Restate word for word every entry that appears below, skipping its pictures.

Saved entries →
★ ★ ★ ★ ★ ★ ★

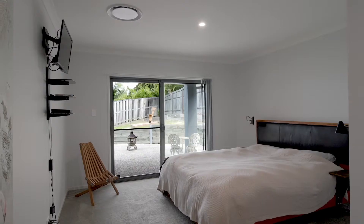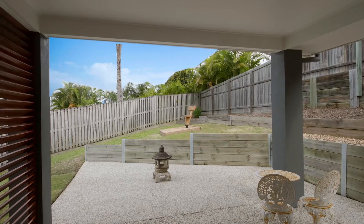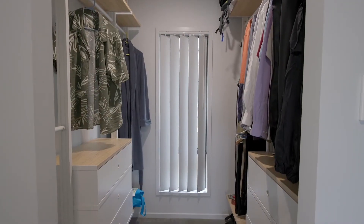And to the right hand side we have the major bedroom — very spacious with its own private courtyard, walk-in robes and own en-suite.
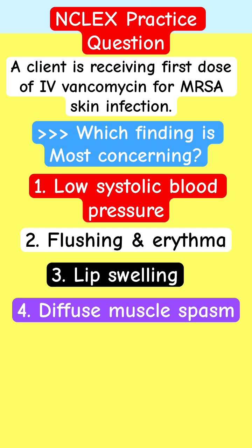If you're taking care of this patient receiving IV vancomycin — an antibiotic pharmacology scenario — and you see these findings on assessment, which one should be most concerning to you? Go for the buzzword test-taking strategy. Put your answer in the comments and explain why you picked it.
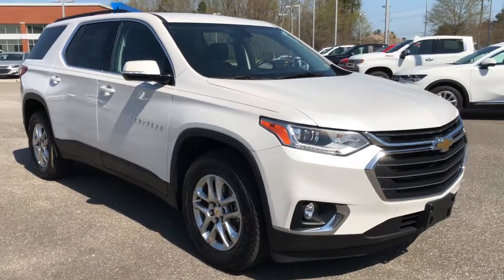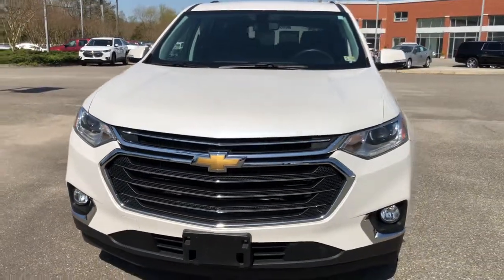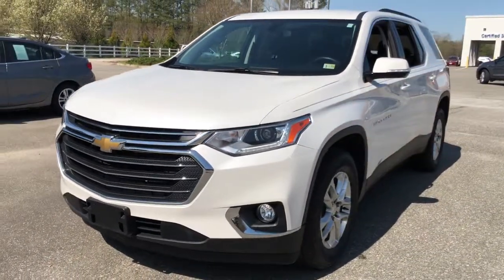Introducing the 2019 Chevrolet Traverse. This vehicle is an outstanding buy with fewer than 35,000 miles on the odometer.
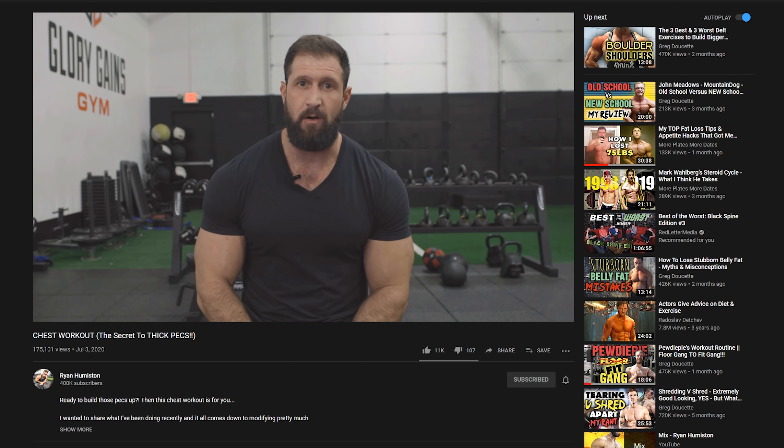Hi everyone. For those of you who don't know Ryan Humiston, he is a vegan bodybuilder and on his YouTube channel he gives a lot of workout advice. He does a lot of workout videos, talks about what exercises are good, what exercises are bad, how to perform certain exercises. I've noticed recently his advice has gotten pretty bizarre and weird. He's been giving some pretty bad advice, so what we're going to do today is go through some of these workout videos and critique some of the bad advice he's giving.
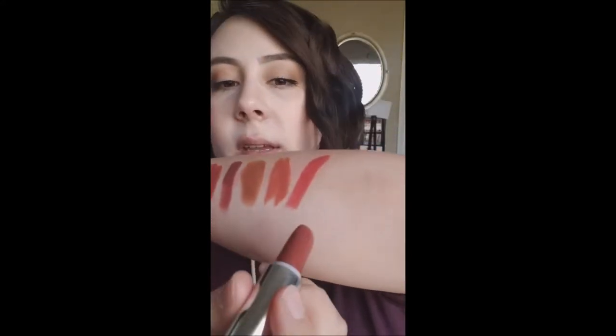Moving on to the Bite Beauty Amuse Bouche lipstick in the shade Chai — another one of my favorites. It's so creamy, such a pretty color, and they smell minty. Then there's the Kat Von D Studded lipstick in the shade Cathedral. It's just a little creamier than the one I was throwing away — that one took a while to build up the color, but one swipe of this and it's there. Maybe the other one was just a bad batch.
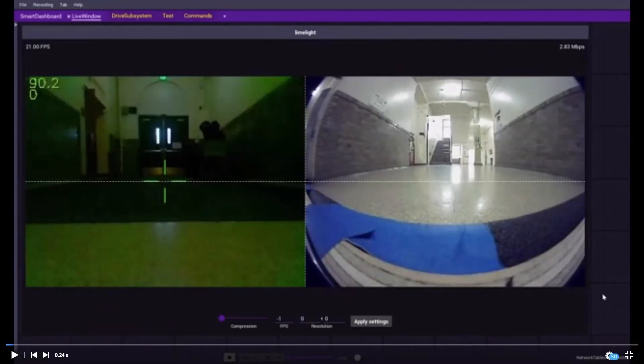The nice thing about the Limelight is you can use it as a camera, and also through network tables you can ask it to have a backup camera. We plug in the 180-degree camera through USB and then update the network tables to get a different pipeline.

★ ★ ★ ★ ★ ★ ★

Solved problem →
And to the right hand side we have the major bedroom — very spacious with its own private courtyard, walk-in robes and own en-suite.
If you're taking care of this patient receiving IV vancomycin — an antibiotic pharmacology scenario — and you see these findings on assessment, which one should be most concerning to you? Go for the buzzword test-taking strategy. Put your answer in the comments and explain why you picked it.
Introducing the 2019 Chevrolet Traverse. This vehicle is an outstanding buy with fewer than 35,000 miles on the odometer.
Hi everyone. For those of you who don't know Ryan Humiston, he is a vegan bodybuilder and on his YouTube channel he gives a lot of workout advice. He does a lot of workout videos, talks about what exercises are good, what exercises are bad, how to perform certain exercises. I've noticed recently his advice has gotten pretty bizarre and weird. He's been giving some pretty bad advice, so what we're going to do today is go through some of these workout videos and critique some of the bad advice he's giving.
Moving on to the Bite Beauty Amuse Bouche lipstick in the shade Chai — another one of my favorites. It's so creamy, such a pretty color, and they smell minty. Then there's the Kat Von D Studded lipstick in the shade Cathedral. It's just a little creamier than the one I was throwing away — that one took a while to build up the color, but one swipe of this and it's there. Maybe the other one was just a bad batch.
The nice thing about the Limelight is you can use it as a camera, and also through network tables you can ask it to have a backup camera. We plug in the 180-degree camera through USB and then update the network tables to get a different pipeline.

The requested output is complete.